Re: [PATCH 0/6] hugetlbfs: support free page reporting

From: David Hildenbrand
Date: Wed Jan 06 2021 - 04:42:50 EST


On 06.01.21 04:46, Liang Li wrote:
> A typical usage of hugetlbfs it's to reserve amount of memory
> during the kernel booting stage, and the reserved pages are
> unlikely to return to the buddy system. When application need
> hugepages, kernel will allocate them from the reserved pool.
> when application terminates, huge pages will return to the
> reserved pool and are kept in the free list for hugetlbfs,
> these free pages will not return to buddy freelist unless the
> size of reserved pool is changed.
> Free page reporting only supports buddy pages, it can't report
> the free pages reserved for hugetlbfs. On the other hand,
> hugetlbfs is a good choice for system with a huge amount of RAM,
> because it can help to reduce the memory management overhead and
> improve system performance.
> This patch add the support for reporting hugepages in the free
> list of hugetlbfs, it can be used by virtio_balloon driver for
> memory overcommit and pre zero out free pages for speeding up
> memory population and page fault handling.

You should lay out the use case + measurements. Further you should
describe what this patch set actually does, how behavior can be tuned,
pros and cons, etc... And you should most probably keep this RFC.

>
> Most of the code are 'copied' from free page reporting because
> they are working in the same way. So the code can be refined to
> remove duplication. It can be done later.

Nothing speaks about getting it right from the beginning. Otherwise it
will most likely never happen.

>
> Since some guys have some concern about side effect of the 'buddy
> free page pre zero out' feature brings, I remove it from this
> serier.

You should really point out what changed size the last version.
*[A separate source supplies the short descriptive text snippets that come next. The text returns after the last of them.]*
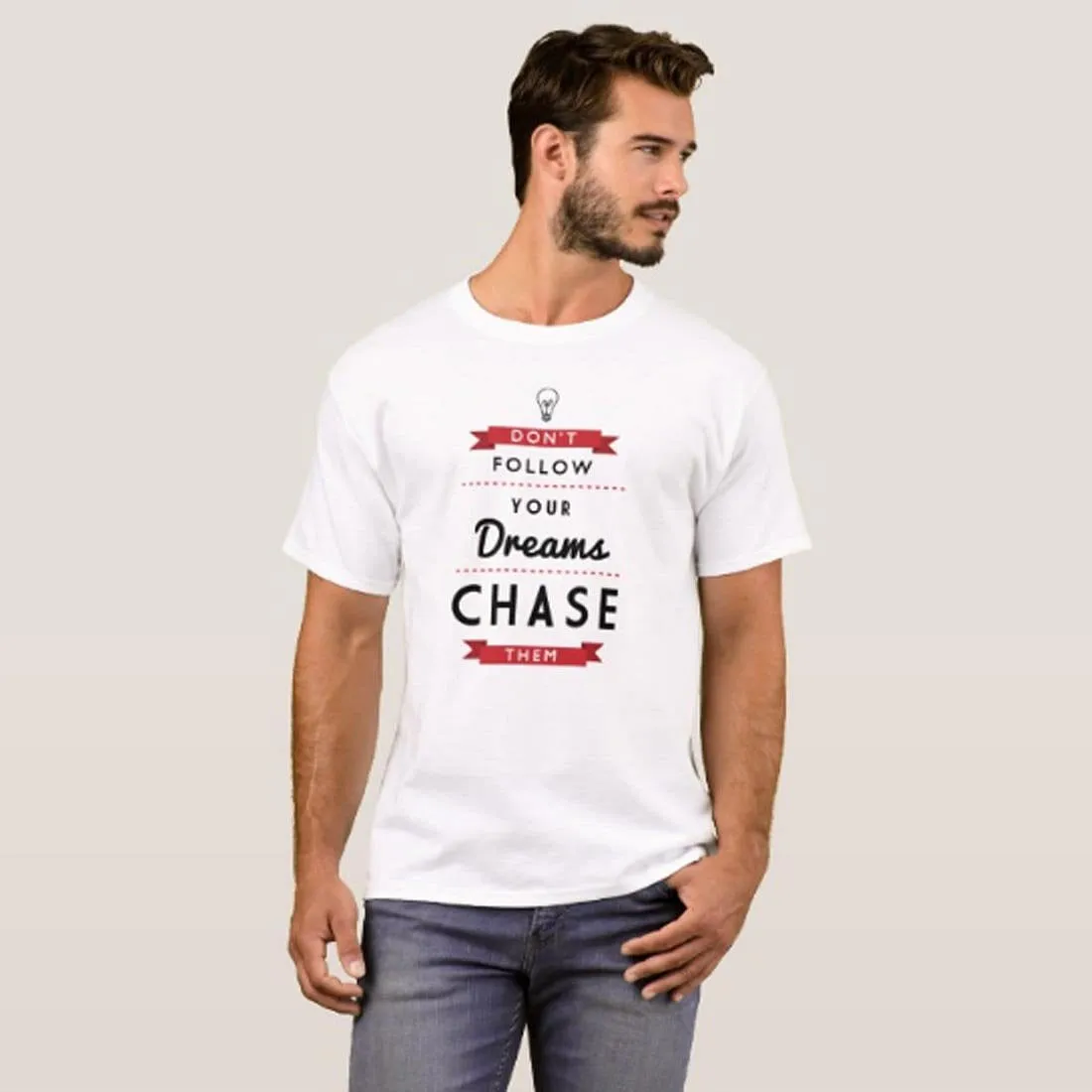 Nutcase Designer Round Neck Men's T-Shirt Wrinkle-Free Poly Cotton Tees - Chase Your Dreams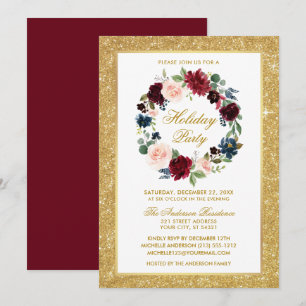 Watercolor Floral Gold Glitter Holiday Party Invitation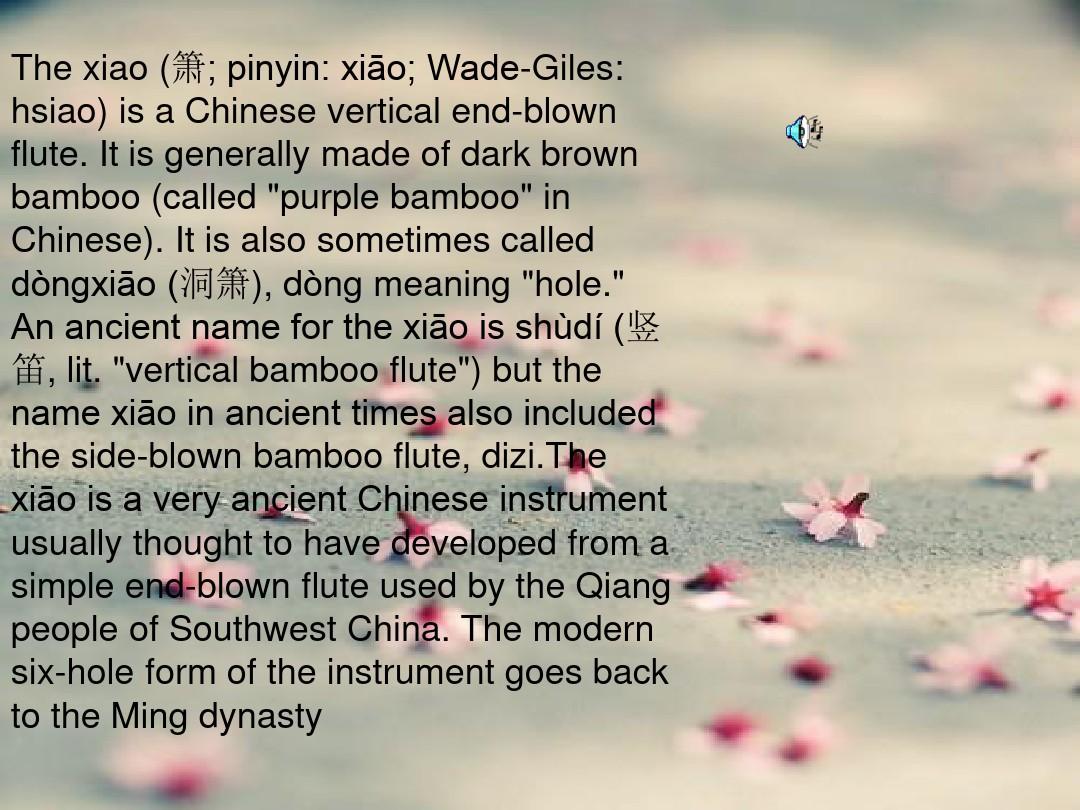 中国传统乐器英文介绍74176教学文案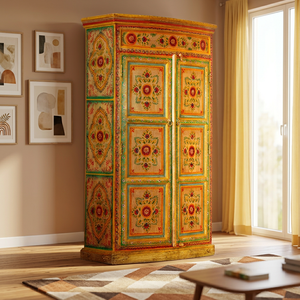 Armoire en bois massif peinte à la main pour chambre à coucher, faite à la main pour salon, hôtel, ferme, mobilier indien, grossiste - Product Image 4
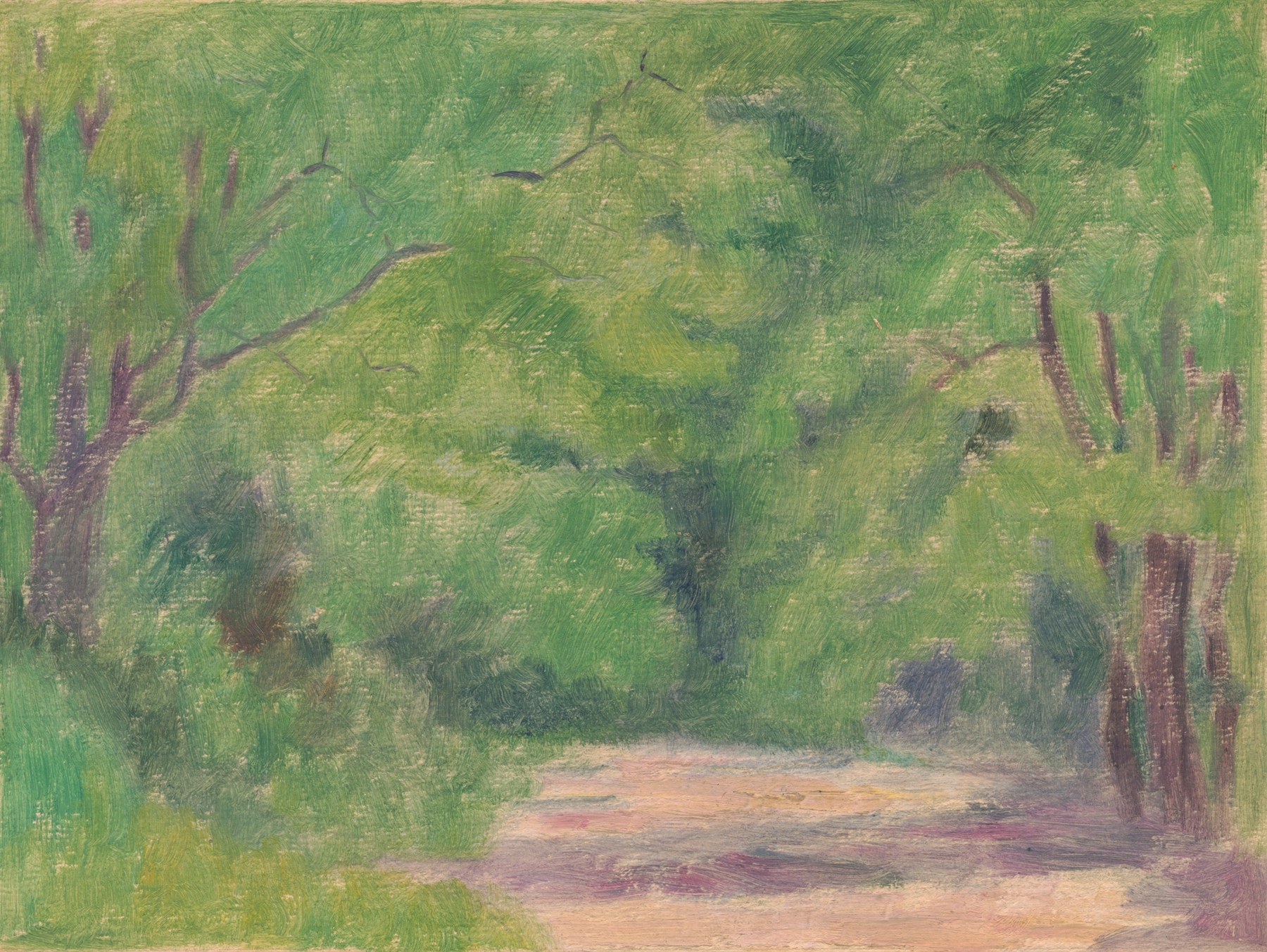 Forest I by Dezider Czölder, Post-Impressionism, depicting a lush forest with sunlight filtering through trees.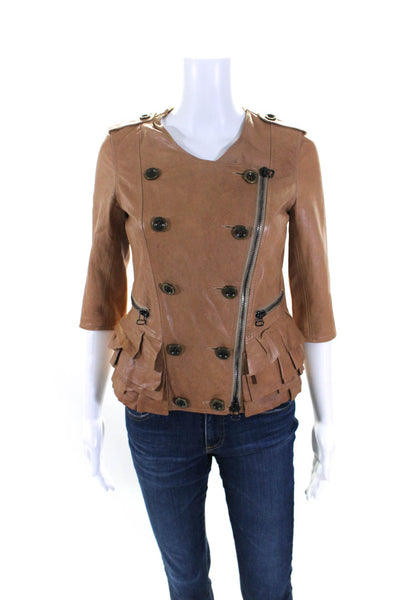 3.1 Phillip Lim Womens Front Zip Half Sleeve Tiered Leather Jacket Brown Size 2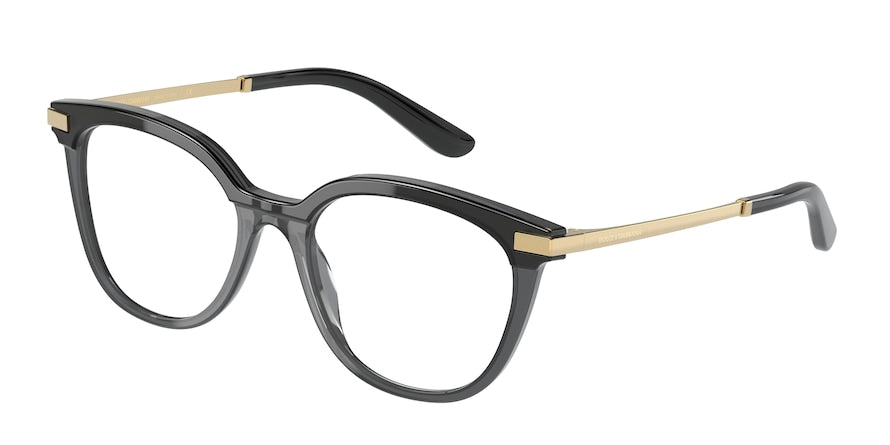DOLCE & GABBANA DG3346F Phantos Eyeglasses  3246-BLACK/TRANSPARENT BLACK 52-18-140 - Color Map black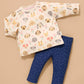 Thick Leggings - French Navy Spot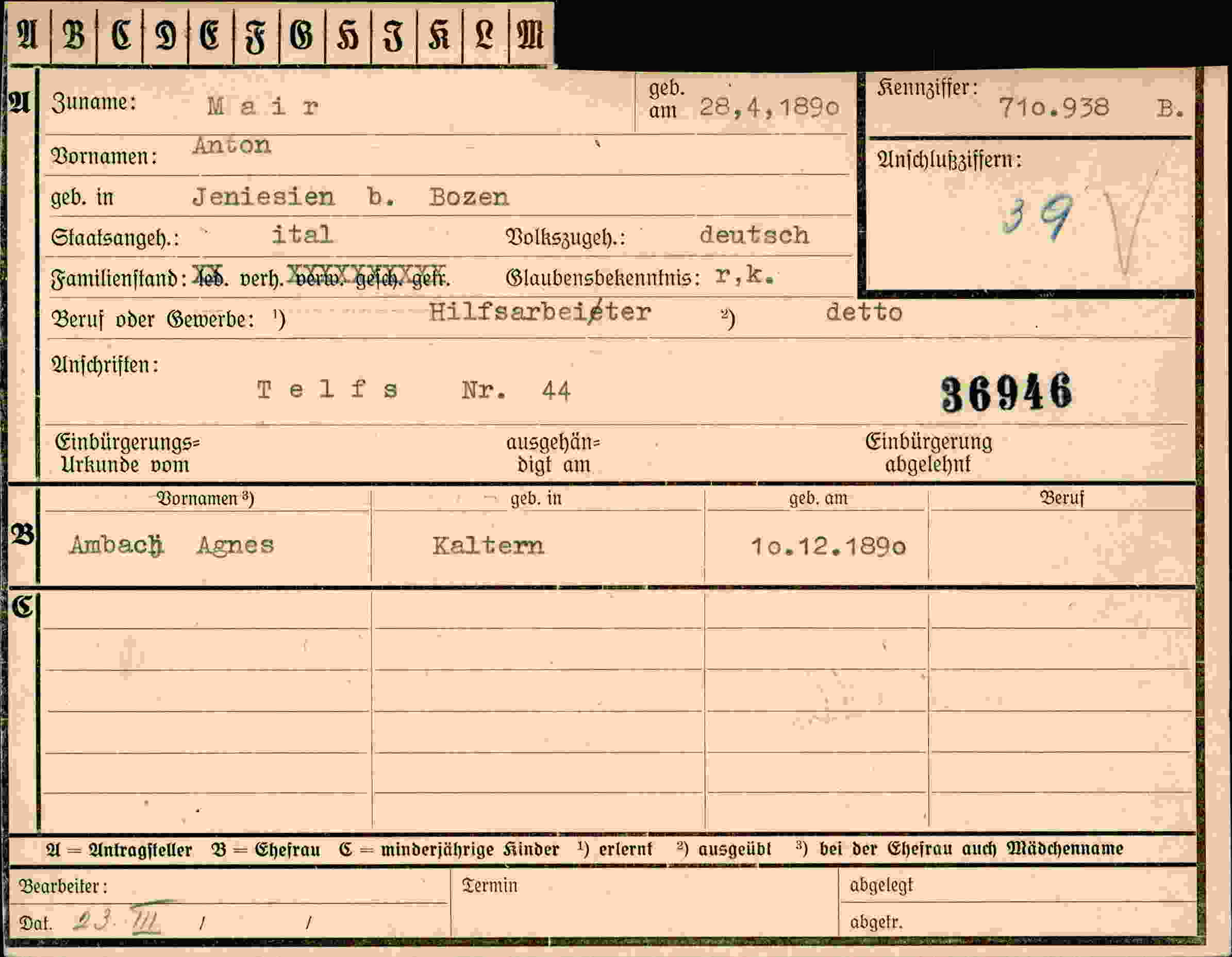 Dokument für Anton Mair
I
remember Alex and Mike had some pretty solid points of what they don't
want to see (especially: don't use free page reporting infrastructure
and don't temporarily allocate huge pages for processing them).

I am not convinced that we want to use the free page reporting
infrastructure for this (pre-zeroing huge pages). What speaks about a
thread simply iterating over huge pages one at a time, zeroing them? The
whole free page reporting infrastructure was invented because we have to
do expensive coordination (+ locking) when going via the hypervisor. For
the main use case of zeroing huge pages in the background, I don't see a
real need for that. If you believe this is the right thing to do, please
add a discussion regarding this.

--
Thanks,

David / dhildenb